Questa reazione, ovviamente popolare, contraddice lo spirito del Presente, lo sviluppo sano della nostra civiltà giuridica.

Fatto salvo il diritto di ogni avvocato, infatti, di non accettare un incarico, non è però corretto – pubblicizzandone sulla stampa le motivazioni “morali” - anticipare la condanna, depotenziare il processo, contribuire a renderlo inutile nel dibattito pubblico, consegnare il “colpevole” alla mercé scandalizzata dei suoi ormai “ex simili” (non più pari) come sempre pronti - nella Maggioranza - a gridare in coro: è indifendibile!

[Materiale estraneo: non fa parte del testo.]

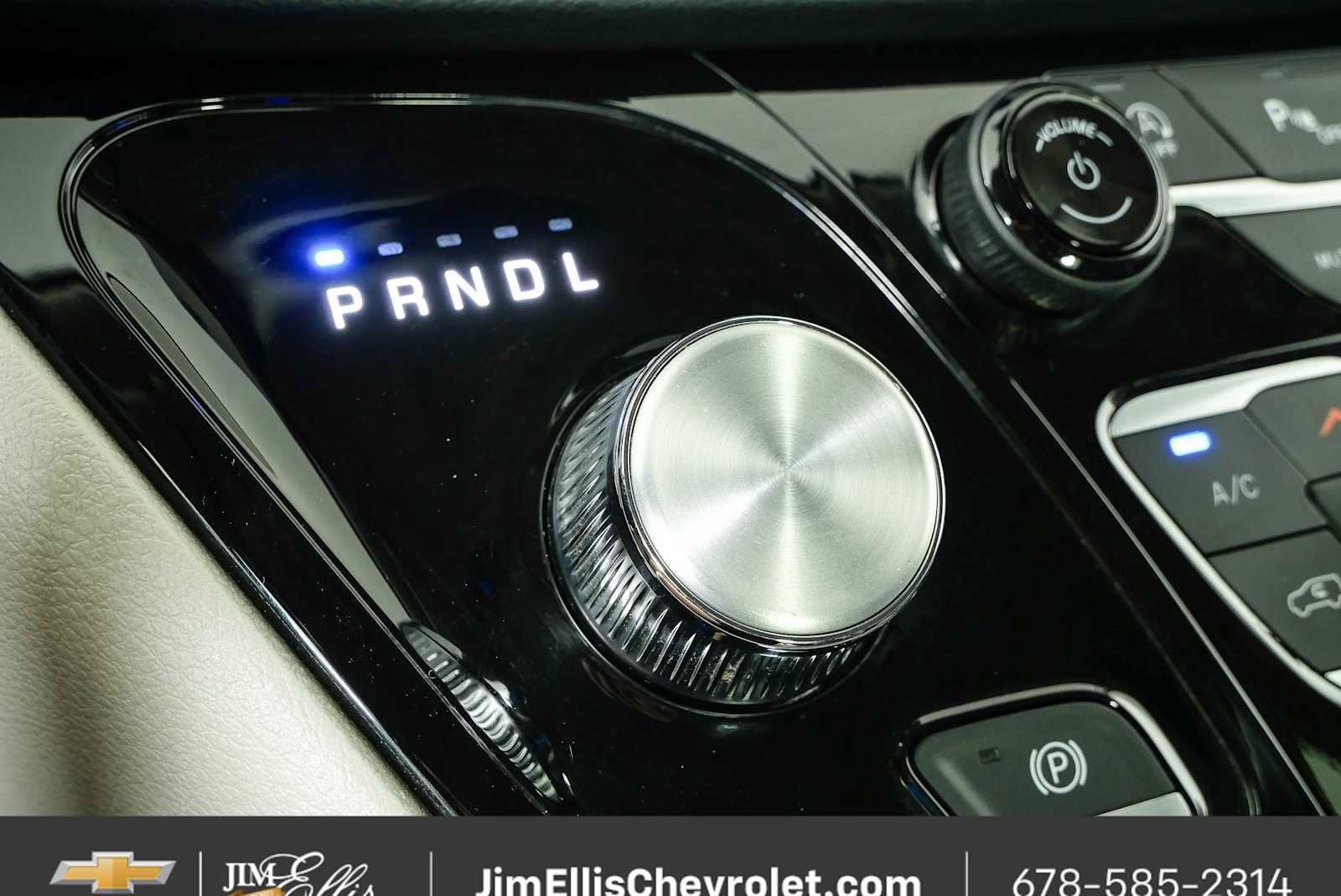 Used 2024 Chrysler Pacifica Touring-L FWD image 16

E quanto sarebbe stato bello invece (e parlo propriamente della “bellezza della persona buona”) se proprio un’avvocatessa esperta, impegnata nella tutela delle vittime di violenze e abusi; se proprio un giurista degli ultimi, degli esclusi, degli stigmatizzati, avesse onorato l'indispensabile compito della difesa tecnica anche del “Nemico”. Ne avrebbe goduto il Processo, l'esito di un dibattimento garantito, una condanna “giusta”, il riconoscimento salutare e sincero che è sottilissimo e fragile il crinale che separa il povero diavolo dal povero Cristo.